Publicada por primera vez en 1984 por Legasa, esta novela de Catania (si no es la primera que sale sobre la dictadura en democracia pega en el palo), había quedado injustamente en el olvido. ¿Acaso porque el texto se niega a ser cómplice del mecanismo de buscar “demonios” en los que expiar culpas?
La novela es, literalmente, arrasadora. Marcada a fuego por la “violencia inocente” de los que "no hicieron nada" (exactamente así, con todas las acepciones contradictorias de cada uno de los términos de esta oración).
No es casualidad que esta novela haya sido ninguneada, porque denuncia de forma incómoda y de forma radical, lo que va a venir, el juicio de los dos demonios, el punto final y la obediencia debida, el indulto, su ruta... Lee el germen culposo de una sociedad, en su mayoría auxiliar del horror, que busca armar chivo expiatorio, colocándose a la vera de los monstruos.
Claro que la violencia estatal está presente con la desmesura tragicómica de los tanques “Sherman” en las calles, con los aviones bombardeando sin miramientos al pueblo entero, incluso después del colaboracionismo desmedido del mismo (entre todas las delaciones habidas y por haber, llega al paroxismo de aceptar fusilar, sin chistar, a dos mongólicos que, en sus ataques de epilepsia, denuncian a todos y todo).

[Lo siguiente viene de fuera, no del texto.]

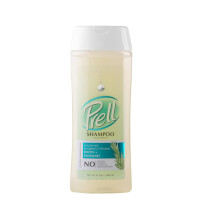 Shampoo Prell Biotin & Rosmarino - Rafforza e Ingrossa Capelli Fini Danneggiati | Formula Sicura per Colore | 13,5 fl oz | Confezione da 2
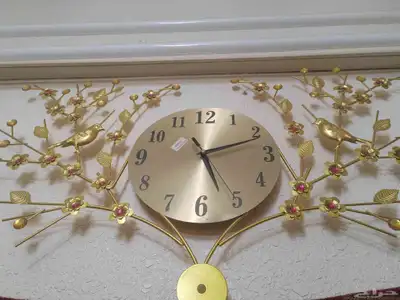 لوحات جدارية وساعة حائط 0
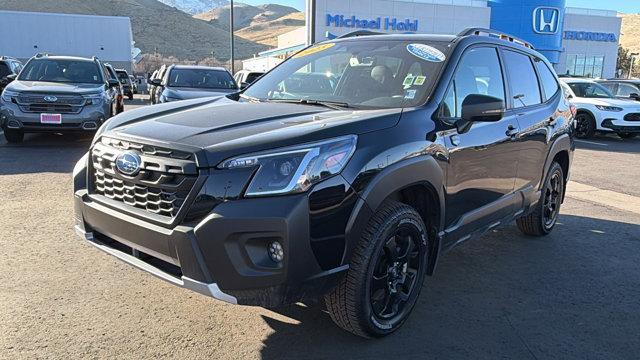 used 2025 Subaru Forester car, priced at $33,791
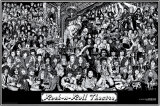 Rock & Roll Theatre Foto por Howard Teman Rock & Roll Theatre Foto por Howard Teman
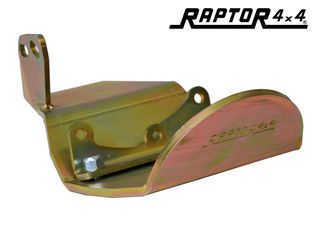 ΠΟΔΙΑ ΠΡΟΣΤΑΣΙΑΣ ΠΙΣΩ ΔΙΑΦΟΡΙΚΟΥ ΓΙΑ LAND ROVER DEFENDER 110 WOLF AXLE ***ΛΑΔΑΣ 4Χ4***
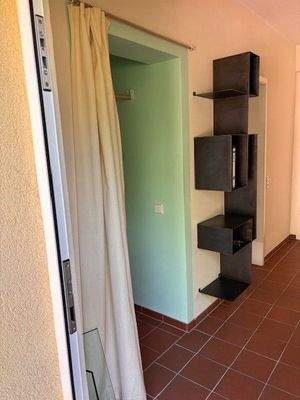 Garderobe Eingangsflur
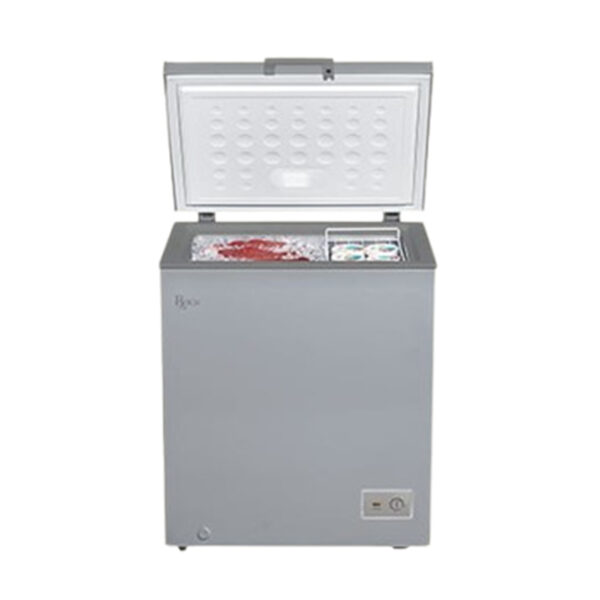 Congélateur ROCH Horizontal 250L Gris RCF180B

Cada uno de los personajes de esta novela "finge demencia", ¿les suena? Salvo el indio, el subversivo perseguido, cuyo último objetivo es ajusticiar a todos, entregando después de ser descuartizado cual Tupac Amaru, un pedacito de su cuerpo como suvenir, como recuerdo de la ignominia. Pero no lo hace con su propia mano, no, inclusive hasta último momento los insta a abandonar el pueblo; que lo dejen solo inmolándose contra el ejército que lo persigue. Pero lo que se impone con su fuerza inercial, embriagada de un horror desopilante, es la delación hasta la embriaguez, hasta la autodestrucción más humillante.
El pintadedos, es el único que descubre para qué vuelve el Indio a su pueblo natal a concretar la denuncia y redimir también su culpa, quién sabe porque es el que más lo conoce; quién sabe porque de niños fueron parte de “los inseparables”, los que fueron seducidos por la Moira que se los cogía a los cuatro del grupo llevándolos a un idilio de placer que marcó sus vidas; quién sabe porque comprende que fue el Indio, el que en su inocencia, quiso ir más allá sobándole los huevos al toro, calentándolo hasta el extremo, mientras la Moira se ponía en cuatro, lujuriosa, tentadora, para recibir la gran verga del toro, que en su embestida la termina descuartizando a ella. ¿Hay acá, quién sabe también, una metáfora desgarrada de la posesión de la República? Lo cierto es que el pintadedos comprende y lo delata, aunque siga fingiendo demencia para con su socio, el fotógrafo policial, que se viola a su hija. Sí, así de indigerible es la violencia de esta novela, plagada de pasos de comedia. ¿Podía ser de otra manera...?
Por eso, esta edición de Ediciones de la Universidad del Litoral junto con la editorial rosarina Serapis, es un rescate imprescindible en los tiempos que corren. Si se atreven, léanla, aunque para ello, tengan que poner los diez dedos entintados en la ficha prontuarial.